I think that this passage speaks of a key element of discernment: we need to know when we reach “true north”. Then we can set our compass again for the next bit of the journey.

So another reference grid co-ordinate: gentleness allowed to show, trust, gratitude, and supplication leads to peace.

Then this perplexing passage from Luke:
Imagine being part of a group of excited pilgrims. Walking together into the land away from the city…to find a man whom everyone is talking about…
And when we get there, he doesn’t welcome us with open arms and tell us about love…oh no, he shouts…calls us a brood of vipers, tells us not to rest in our relationship, uses violent language about axes and fires…
He has a real rant!
But when all of us are paying attention, and wondering how we might need to behave in this new life…he calms down…and reminds us about simple justice: share, act fairly, don’t bully.

So here we are, you and me, within these co-ordinates on the chart, waiting for God to dwell amongst us.
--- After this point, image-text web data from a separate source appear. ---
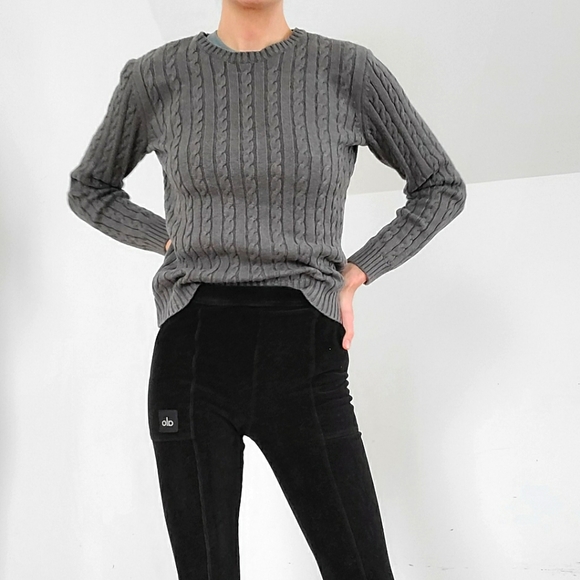 RALPH LAUREN - KNIT SWEATER - Picture 5 of 10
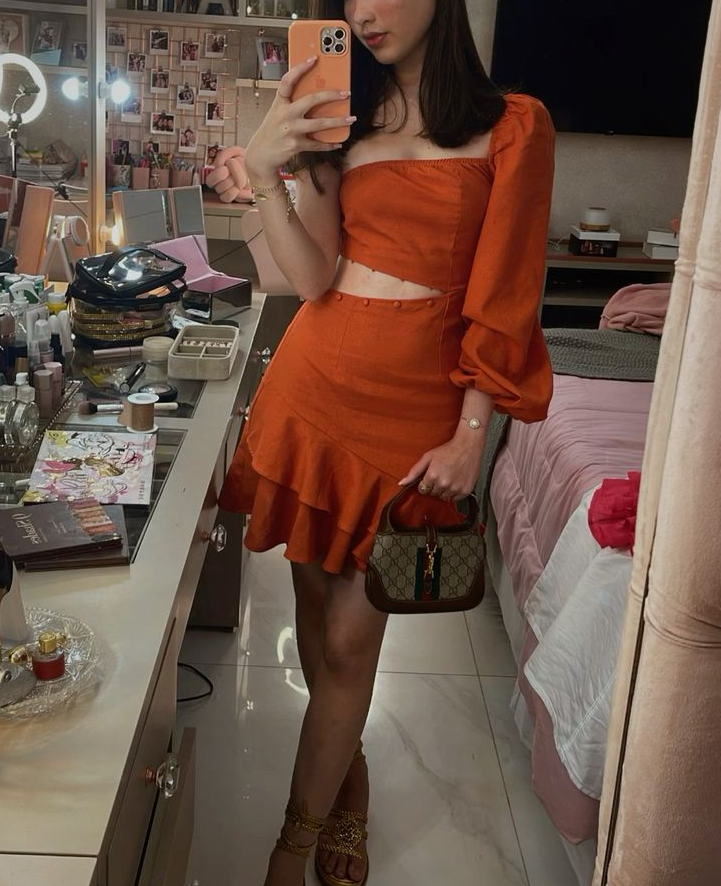 Fashion Homecoming Dress Short Prom Party Gown - FashionDia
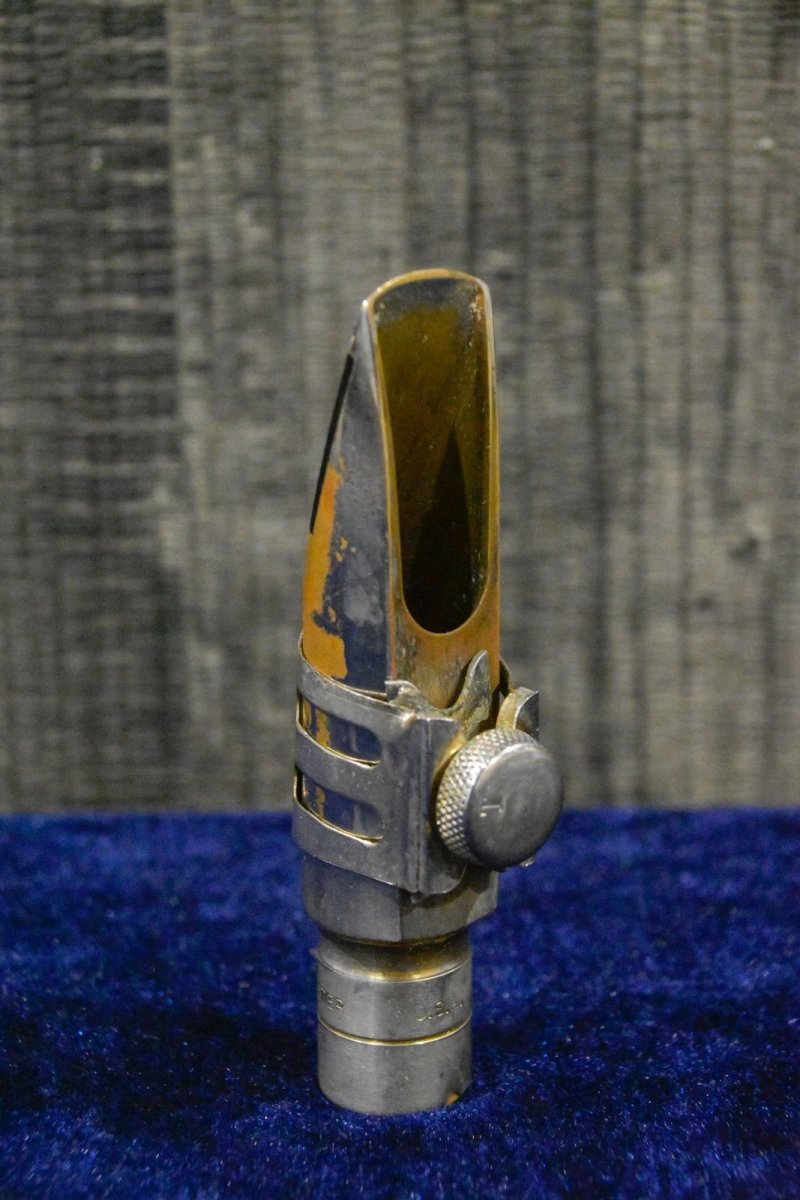 画像10: Ottolink STM Metal Florida 7⭐︎ T.Sax.用 (10)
Where are we again?
1. Remembering a God who remembers us…experiencing awe in the presence of the justice-making-iridescent God.
2. Finding true North- that peace which surpasses understanding- gentleness showing through, trust, gratitude and prayer.
3. How might we behave? Share, act fairly, don’t bully.

Passage from Isaiah sung by the choir as a psalm today:
“Shout aloud and sing for joy, O royal Zion, for great in your midst is the Holy One of Israel.”